The microstructural evolution of ultrananocrystalline diamond films due to P ion implantation and annealing process-dosage effect

• P-ion implantation/annealing (PIA) processes markedly enhance the conductivity of UNCD films.
• Conduction mechanism is explained by the formation of interconnected graphitic filaments.
• A model for P-ions to diamond interaction was proposed to explain the PIA processes.
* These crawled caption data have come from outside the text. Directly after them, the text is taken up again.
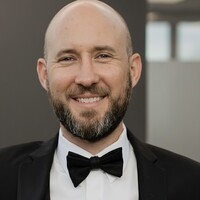 Dialpad Employee Adam Nemeth's profile photo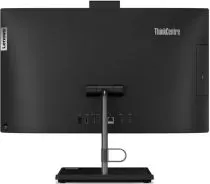 Lenovo ThinkCentre NEO 30a All-In-One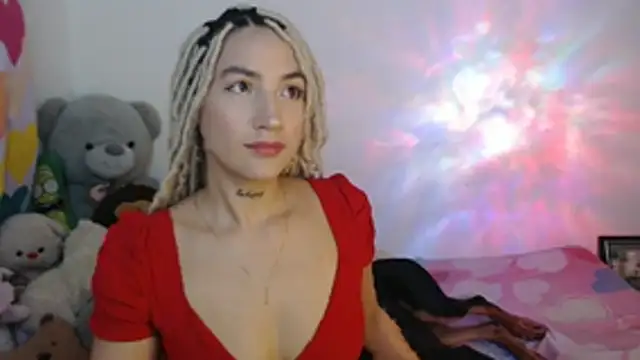 mandy berrys online show from 10-25-25, 11:32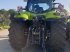 Traktor typu CLAAS axion 830* cemis 1200 rtk, Gebrauchtmaschine w NEUENDORF AM SPECK (Zdjęcie 4)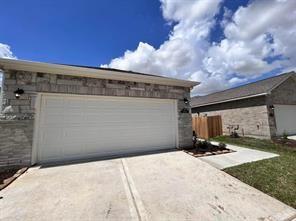 23111 True Fortune Drive — photo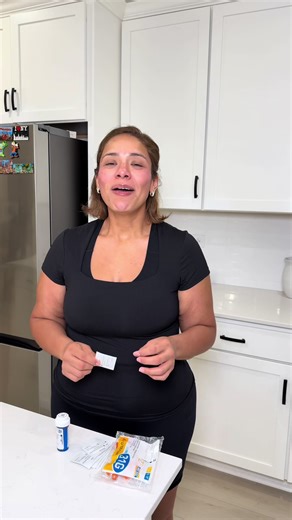 “YOU ARE CHEATING!” that’s what I hear people say when I share that I am on a GLP1, the answer is NO I AM NOT. I am just taking advantage of a tool available for people. So many of us need a little bit of help and there is no shame on that 💕 everyone has to do what is right for them. And YES I am that girl that needs a little bit of help and support You can use ‘ANA99 ’ or ‘ANA3’ to save with WeightCare @WeightCare #weightloss #healthy #g|p1 #weightlossjourney #weightcarepartner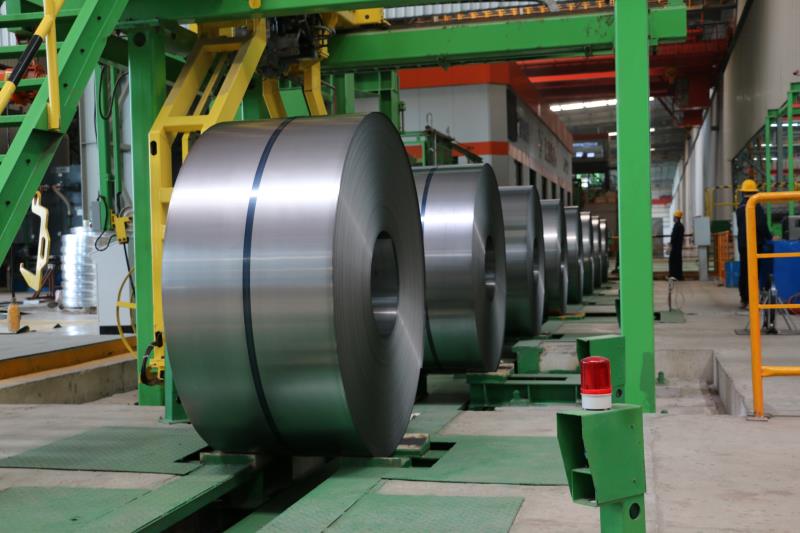 国产偷人妻精品一区二区在线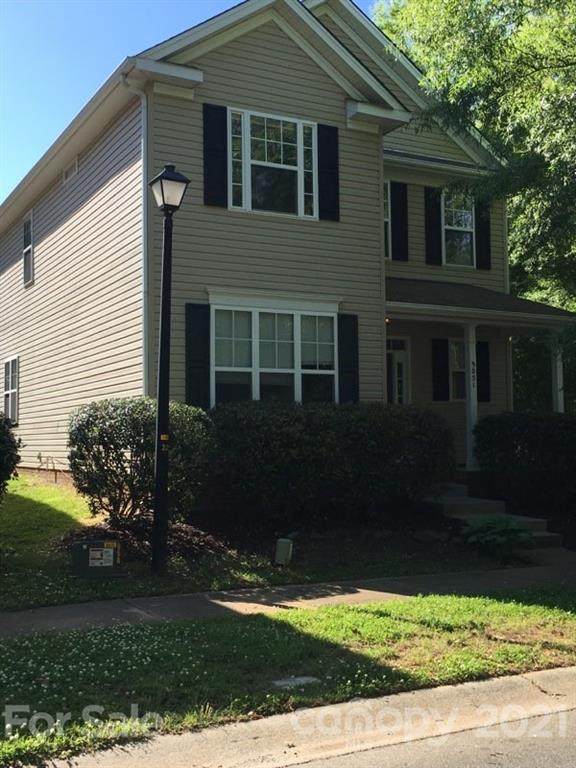 9051 Cinder Lane - Photo 1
The effect of microstructural evolution on the electrical properties of UNCD films, which were P-ion implanted and annealed, was systematically investigated. The electrical resistivity of the UNCD films was markedly lowered when the UNCD films were implanted with P-ions of sufficient dosage (> 1 × 1014 ions/cm2) and followed by annealing at 800 °C for 30 min, but the electronic field emission (EFE) behavior was not enhanced. The incident P-ions mainly alter the granular structure of the region in UNCD films where the P-ions reside, the “interacting zone”, which is found at about 300 nm beneath the surface of the films. In this “interacting zone”, coalescence of diamond grains occurred and the nano-graphitic clusters were induced, forming interconnected graphitic filaments and resulting in the decrease in surface resistance. However, the UNCD-to-Si interfacial resistance remained at large value that hindered the efficiency for the electron transport crossing the interface of the UNCD films. These microstructural evolution processes account for very well the phenomenon that in spite of enhanced conductivity of the UNCD films along the film's surface due to P-ion implantation and annealing processes, the EFE properties for these UNCD films were not improved.